The figure above gives a high-level overview of the VTA hardware organization. VTA is composed of four modules that communicate among each other via FIFO queues and local memory blocks (SRAM), to enable task-level pipeline parallelism:

• The fetch module takes care of loading an instruction stream from DRAM. It also decodes those instructions to route them into one of three command queues.

• The load module takes care of loading input and weight tensors from DRAM into data-specialized on-chip memories.

• The compute module performs both dense linear algebra computation with its GEMM core, and general computation with its tensor ALU. It also takes care of loading data from DRAM into the register file, and loading micro-op kernels into the micro-op cache.

• The store module stores results produced by the compute core back to DRAM.

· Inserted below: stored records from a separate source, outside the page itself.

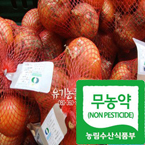 무농약 햇양파10kg/무농약재배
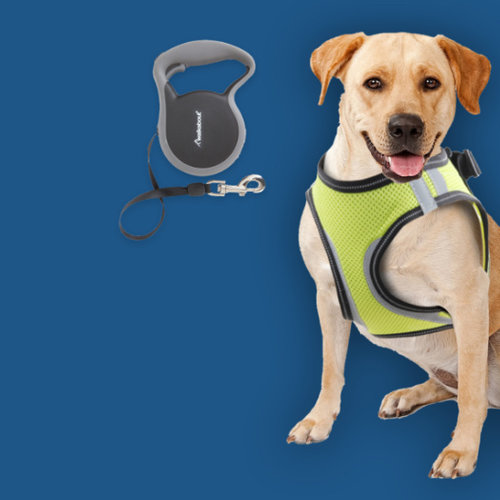 Accessoires voor je hond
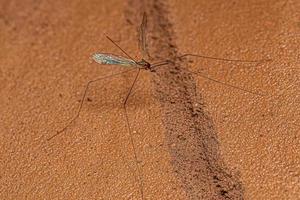 mosca grulla limonide adulta foto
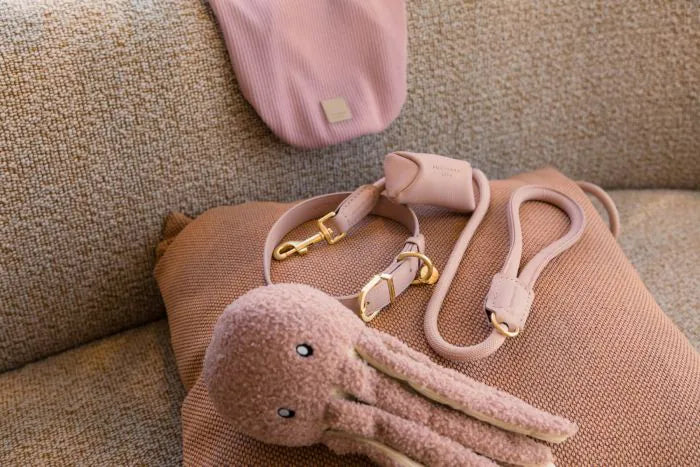 Fuzzyard Life Atelier Dog Collar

## HLS Hardware Source Organization¶

The VTA design is currently specified in Vivado HLS C++, which is only supported by Xilinx toolchains. The VTA hardware sources are contained under 3rdparty/vta-hw/hardware/xilinx/sources:

• vta.cc contains the definitions for each VTA module, as well as a top level behavioral model for the top-level VTA design.

• vta.h contains type definitions using Xilinx ap_int types, and function prototypes declarations.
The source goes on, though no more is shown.